◆ **Data for this task**:
----

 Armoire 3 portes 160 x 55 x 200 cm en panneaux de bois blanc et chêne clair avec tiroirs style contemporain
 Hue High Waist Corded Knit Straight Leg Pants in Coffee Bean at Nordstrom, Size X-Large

----

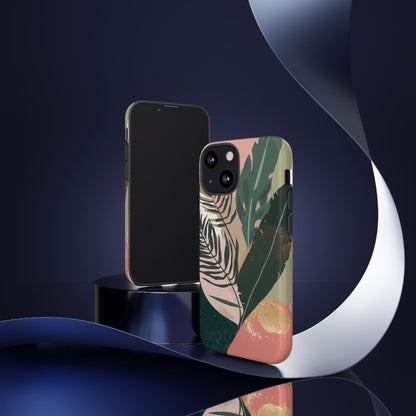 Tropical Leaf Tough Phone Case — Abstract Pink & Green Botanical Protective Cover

----

◆ **Activity**: Considering only the material above, set down every line from the one with "Armoire 3 portes" to the one with "Hue High Waist", inclusive, exactly as written.

◆ **Your solution**:
 Armoire 3 portes 160 x 55 x 200 cm en panneaux de bois blanc et chêne clair avec tiroirs style contemporain
 Hue High Waist Corded Knit Straight Leg Pants in Coffee Bean at Nordstrom, Size X-Large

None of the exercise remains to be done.